Logo_logo_nederlandse_zorgautoriteit

In 2015 behandelden huisartsen meer patiënten met psychische klachten dan voorheen. Het aantal patiënten in de gespecialiseerde ggz is tegelijkertijd gedaald. Een reden hiervoor kan zijn dat patiënten verschuiven van de gespecialiseerde ggz naar de huisarts, maar dat is volgens de Nederlandse Zorgautoriteit (NZa) niet zeker. Daarom gaat het onderzoek doen naar de patiëntenstromen in de geestelijke gezondheidszorg. Dat meldt de NZa. 

Mensen met lichte psychische problemen worden door de huisarts beoordeeld. Deze bekijkt of de patiënten in behandeling kunnen bij de praktijkondersteuner voor de ggz, of hij verwijst ze door naar de basis- of gespecialiseerde ggz. Ten minste 390.000 mensen werden in 2014 voor een consult doorverwezen naar de praktijkondersteuner, dat is twee keer zoveel als het jaar ervoor.

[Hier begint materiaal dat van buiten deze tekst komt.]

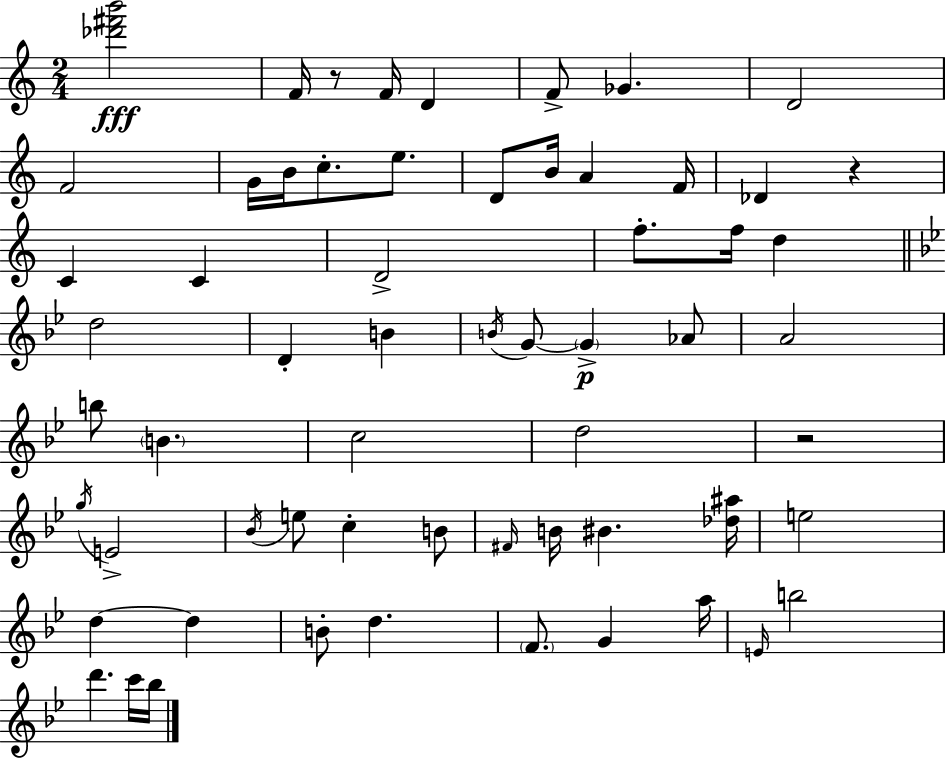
[Db6,F#6,B6]/h F4/s R/e F4/s D4/q F4/e Gb4/q. D4/h F4/h G4/s B4/s C5/e. E5/e. D4/e B4/s A4/q F4/s Db4/q R/q C4/q C4/q D4/h F5/e. F5/s D5/q D5/h D4/q B4/q B4/s G4/e G4/q Ab4/e A4/h B5/e B4/q. C5/h D5/h R/h G5/s E4/h Bb4/s E5/e C5/q B4/e F#4/s B4/s BIS4/q. [Db5,A#5]/s E5/h D5/q D5/q B4/e D5/q. F4/e. G4/q A5/s E4/s B5/h D6/q. C6/s Bb5/s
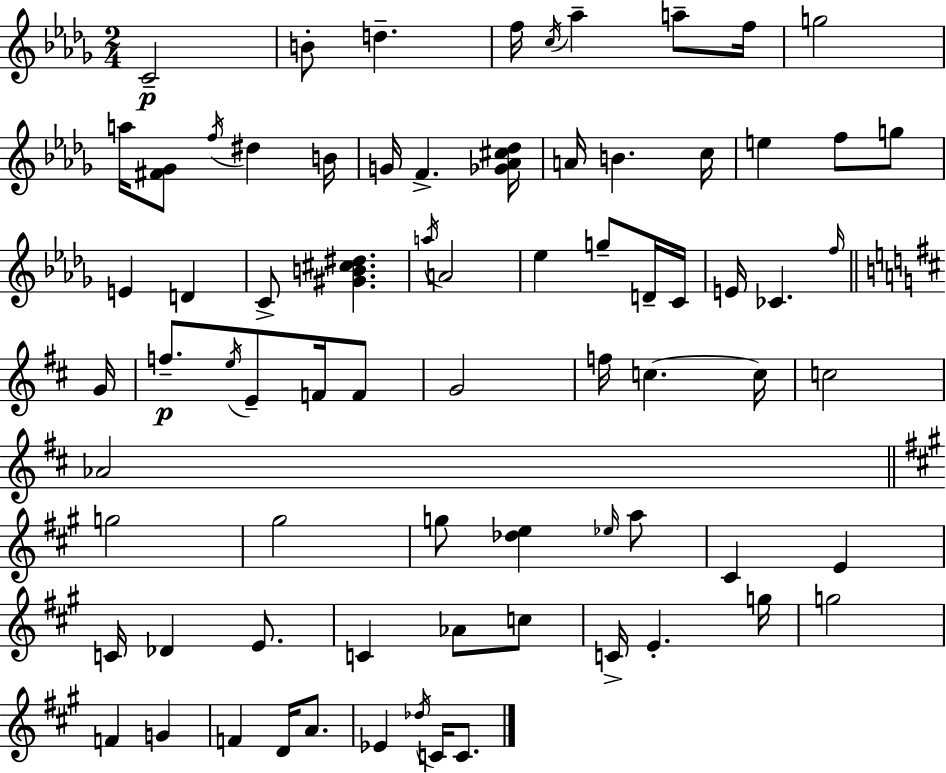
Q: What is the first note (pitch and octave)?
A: C4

Het lijkt erop dat er tevens een verschuiving heeft plaatsgevonden van de gespecialiseerde ggz naar de basis ggz. De in 2014 ingevoerde basis ggz behandelde dat jaar 310.000 patiënten. In datzelfde jaar vond er een daling van 20 procent plaats van het aantal patiënten in de gespecialiseerde ggz.

Het afgelopen jaar zijn de wachttijden in de gespecialiseerde ggz toegenomen, gemiddeld was dat aanmeldwachttijd zo'n 5,6 week. Verzekeraars en ggz-aanbieders hebben echter een norm van vier weken afgesproken. Toch is bij 60 procent van de aanbieders van gespecialiseerde ggz de wachttijd binnen de norm. Een aanmeldwachttijd is de tijd tussen het eerste contact van de behandelaar met de patiënt en het eerste gesprek. Volgens de NZa moeten zorgverzekeraars iets aan de wachttijden doen. Zij hebben een zorgplicht en moeten daarom hun klanten doorverwijzen naar een andere aanbieder zonder (lange) wachttijden.